Saturday, January 22, 2011

A painting of a black phoebe, a fairly common flycatcher in the Central Valley.  Painting this bird was a little tricky since it is mostly a play on greyscale.  "Black sillhouette", gouache 10"x14".

Thursday, January 20, 2011

more backyard birds

My first bird painting of 2011, one bird from a big flock of American goldfinch that hangs out in our backyard.  "Golden winter", gouache 14"x10" (SOLD).

Sunday, December 19, 2010

Proposal to hunt sandhill cranes


One of the first large birds I ever painted was a sandhill crane. They are majestic, easy to draw (just great models!), and their calls remind people of our connection to nature. When I read that Tennessee is considering hunting these birds as part of their wildlife management, I was really disturbed. I wrote the state's wildlife resource commission and I hope others will too:

e-mail: twra.comment@tn.gov
or
Michael Chase, Tennessee Wildlife Resources C0mmission Chairperson/PO Box 50370/Knoxville, TN 37950 email: mike.chase@tn.gov

http://www.tn.gov/twra/sandhillproposal.html
http://10000birds.com/sandhill-cranes-game-birds.htm

Alcids


Xantus's murrelets, gouache 12"x7". These were seabirds I saw in Alaska this past summer.

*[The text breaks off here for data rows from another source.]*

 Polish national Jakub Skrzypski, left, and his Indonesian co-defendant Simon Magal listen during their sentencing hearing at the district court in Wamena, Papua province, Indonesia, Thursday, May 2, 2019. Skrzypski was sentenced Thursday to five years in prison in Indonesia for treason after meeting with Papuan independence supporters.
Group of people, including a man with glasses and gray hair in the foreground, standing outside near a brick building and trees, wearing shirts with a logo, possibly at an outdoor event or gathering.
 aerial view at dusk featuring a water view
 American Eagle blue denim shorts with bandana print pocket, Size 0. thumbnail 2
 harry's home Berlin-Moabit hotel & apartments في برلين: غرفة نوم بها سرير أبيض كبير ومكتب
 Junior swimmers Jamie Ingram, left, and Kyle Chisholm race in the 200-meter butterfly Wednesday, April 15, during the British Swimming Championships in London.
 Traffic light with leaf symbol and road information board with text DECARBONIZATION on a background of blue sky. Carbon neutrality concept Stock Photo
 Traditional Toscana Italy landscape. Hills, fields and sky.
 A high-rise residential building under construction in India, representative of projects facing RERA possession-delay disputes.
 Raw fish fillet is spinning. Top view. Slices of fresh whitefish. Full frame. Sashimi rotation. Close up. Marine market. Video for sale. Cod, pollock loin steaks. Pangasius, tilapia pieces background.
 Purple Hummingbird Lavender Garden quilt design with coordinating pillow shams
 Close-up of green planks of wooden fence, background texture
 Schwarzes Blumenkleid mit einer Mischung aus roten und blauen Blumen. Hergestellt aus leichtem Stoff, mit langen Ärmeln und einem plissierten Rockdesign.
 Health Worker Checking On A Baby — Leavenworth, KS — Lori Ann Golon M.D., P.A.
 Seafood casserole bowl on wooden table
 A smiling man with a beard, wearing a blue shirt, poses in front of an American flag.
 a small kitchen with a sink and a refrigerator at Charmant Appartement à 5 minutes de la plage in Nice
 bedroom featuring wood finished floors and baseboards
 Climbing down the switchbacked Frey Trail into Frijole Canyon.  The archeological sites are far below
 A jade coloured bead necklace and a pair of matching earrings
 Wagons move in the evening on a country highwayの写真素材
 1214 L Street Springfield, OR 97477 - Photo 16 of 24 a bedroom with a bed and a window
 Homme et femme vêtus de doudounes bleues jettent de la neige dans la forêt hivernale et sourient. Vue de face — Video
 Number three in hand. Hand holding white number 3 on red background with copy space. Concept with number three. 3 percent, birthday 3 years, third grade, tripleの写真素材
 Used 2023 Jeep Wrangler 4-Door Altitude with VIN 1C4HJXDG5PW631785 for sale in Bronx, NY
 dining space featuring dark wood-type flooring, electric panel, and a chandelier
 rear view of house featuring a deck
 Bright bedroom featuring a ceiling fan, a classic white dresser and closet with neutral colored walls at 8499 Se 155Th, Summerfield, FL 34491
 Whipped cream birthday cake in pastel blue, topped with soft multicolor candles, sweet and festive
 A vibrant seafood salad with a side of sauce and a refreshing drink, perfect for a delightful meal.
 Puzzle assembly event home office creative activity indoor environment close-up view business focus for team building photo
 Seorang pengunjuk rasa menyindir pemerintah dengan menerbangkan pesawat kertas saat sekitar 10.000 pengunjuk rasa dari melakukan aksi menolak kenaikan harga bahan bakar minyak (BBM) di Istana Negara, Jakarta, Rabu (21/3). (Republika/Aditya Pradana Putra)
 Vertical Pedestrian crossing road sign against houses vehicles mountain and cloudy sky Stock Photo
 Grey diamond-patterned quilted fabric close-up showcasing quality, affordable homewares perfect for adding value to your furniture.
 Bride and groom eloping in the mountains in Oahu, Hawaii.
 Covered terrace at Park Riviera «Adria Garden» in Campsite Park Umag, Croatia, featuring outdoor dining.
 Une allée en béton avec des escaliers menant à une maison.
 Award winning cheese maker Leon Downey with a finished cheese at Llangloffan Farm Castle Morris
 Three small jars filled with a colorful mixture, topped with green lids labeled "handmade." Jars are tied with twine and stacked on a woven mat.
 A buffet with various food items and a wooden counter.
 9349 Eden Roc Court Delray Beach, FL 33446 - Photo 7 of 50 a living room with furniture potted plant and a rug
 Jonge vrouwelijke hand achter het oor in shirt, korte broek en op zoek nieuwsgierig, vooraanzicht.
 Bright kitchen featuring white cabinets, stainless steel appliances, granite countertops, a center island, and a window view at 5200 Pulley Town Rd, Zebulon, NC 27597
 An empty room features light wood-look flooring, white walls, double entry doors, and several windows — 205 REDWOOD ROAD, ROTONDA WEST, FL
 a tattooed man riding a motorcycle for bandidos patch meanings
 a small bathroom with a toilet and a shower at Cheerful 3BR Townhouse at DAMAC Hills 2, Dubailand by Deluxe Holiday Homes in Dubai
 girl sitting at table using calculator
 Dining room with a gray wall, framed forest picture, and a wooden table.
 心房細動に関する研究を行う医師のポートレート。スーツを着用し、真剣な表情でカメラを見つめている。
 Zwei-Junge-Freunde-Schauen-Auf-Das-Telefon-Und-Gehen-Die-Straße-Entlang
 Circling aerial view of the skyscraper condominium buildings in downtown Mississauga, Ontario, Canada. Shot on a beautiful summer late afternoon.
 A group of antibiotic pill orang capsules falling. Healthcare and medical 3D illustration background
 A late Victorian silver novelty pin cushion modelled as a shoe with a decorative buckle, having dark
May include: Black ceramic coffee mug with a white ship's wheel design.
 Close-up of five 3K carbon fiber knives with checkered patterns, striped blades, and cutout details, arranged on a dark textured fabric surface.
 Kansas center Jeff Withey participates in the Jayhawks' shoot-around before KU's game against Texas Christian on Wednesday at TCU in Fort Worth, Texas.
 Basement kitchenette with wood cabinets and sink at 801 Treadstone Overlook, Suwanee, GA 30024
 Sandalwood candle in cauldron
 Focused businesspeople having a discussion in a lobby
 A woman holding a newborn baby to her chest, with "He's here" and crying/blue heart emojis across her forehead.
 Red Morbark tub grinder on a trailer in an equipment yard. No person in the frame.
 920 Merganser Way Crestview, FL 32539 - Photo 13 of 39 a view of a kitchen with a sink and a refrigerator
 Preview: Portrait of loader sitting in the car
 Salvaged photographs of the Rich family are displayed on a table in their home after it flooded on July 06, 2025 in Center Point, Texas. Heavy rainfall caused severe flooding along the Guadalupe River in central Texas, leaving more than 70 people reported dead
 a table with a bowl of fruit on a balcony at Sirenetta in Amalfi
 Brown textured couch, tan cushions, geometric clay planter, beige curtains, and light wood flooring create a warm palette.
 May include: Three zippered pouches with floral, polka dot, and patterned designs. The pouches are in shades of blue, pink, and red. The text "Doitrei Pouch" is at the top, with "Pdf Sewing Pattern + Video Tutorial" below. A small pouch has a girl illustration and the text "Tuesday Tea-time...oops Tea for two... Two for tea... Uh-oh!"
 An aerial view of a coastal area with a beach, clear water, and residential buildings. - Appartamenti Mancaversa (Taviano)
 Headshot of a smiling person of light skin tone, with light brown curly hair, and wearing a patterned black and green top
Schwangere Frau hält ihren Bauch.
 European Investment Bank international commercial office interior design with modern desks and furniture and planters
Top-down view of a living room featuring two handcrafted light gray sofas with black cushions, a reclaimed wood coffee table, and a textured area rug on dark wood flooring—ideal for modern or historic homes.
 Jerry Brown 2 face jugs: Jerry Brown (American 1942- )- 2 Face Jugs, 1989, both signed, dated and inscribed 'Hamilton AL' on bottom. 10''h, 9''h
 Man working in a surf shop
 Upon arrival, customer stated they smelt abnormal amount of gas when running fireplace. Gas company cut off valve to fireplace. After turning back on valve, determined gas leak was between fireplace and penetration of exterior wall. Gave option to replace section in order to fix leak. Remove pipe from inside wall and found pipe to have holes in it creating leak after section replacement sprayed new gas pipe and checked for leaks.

Saturday, December 18, 2010

Spotted owl

I've always thought these owls were only found in old growth forest of northern California and the Pacific Northwest.  However, there are actually 3 subspecies of spotted owl, the smallest one found in Mexico.  The spotted owl was recorded by a Hungarian immigrant named John Xántus Janos, the same guy the Xantus's murrelet and Xantus's hummingbird were named after.  This painting was actually inspired by the rehabilitated owls I am lucky enough to observe through several rehab organizations and individuals. This painting is titled "Forest eyes, spotted owl Strix occidentalis", gouache 8"x11".

Saturday, December 11, 2010


While looking for fish eggs one day in the southern part of the San Joaquin delta, a dark colored Swainson's hawk was calling repeatedly to another Swainson's hawk. I was surprised to see two dark-morphs in the same tree. I guess I shouldn't be too surprised since the Central Valley is hawk heaven year round. This is a painting of one them. "The Dark Morph".

Saturday, November 27, 2010

Cedar waxwing

On a cool fall morning, cedar waxwings can be heard whistling and weighing down our front yard trees. They also leave quite a mess on our vehicles. This painting is titled "Noble waxwing", gouache 9"x12". SOLD (Morro Bay).

Saturday, November 13, 2010

cold November


In the late evenings when we let the dogs out one last time, I can hear sandhill cranes calling from afar. When I am really lucky, on a full moon especially, we can see their silhouettes overhead. Their calls make chilly Novembers bearable. This watercolor painting is of three sandhill cranes calling at the Isenberg Preserve. "Trio", 9"x12", Original SOLD (Klamath Falls Winter Bird Festival).

Sunday, October 24, 2010


"Elegance", watercolor and ink 10"x14", Original SOLD.
www.cranefestival.com

Friday, October 22, 2010

Leaf-nosed bat


"California leaf-nosed bat", pen and ink 6"x8".

Wednesday, September 29, 2010


"Bored", watercolor 9"x9".

Monday, September 27, 2010


"Strutting", watercolor 10"x8".

Sunday, September 26, 2010


"Early mourning", watercolor 10"x7".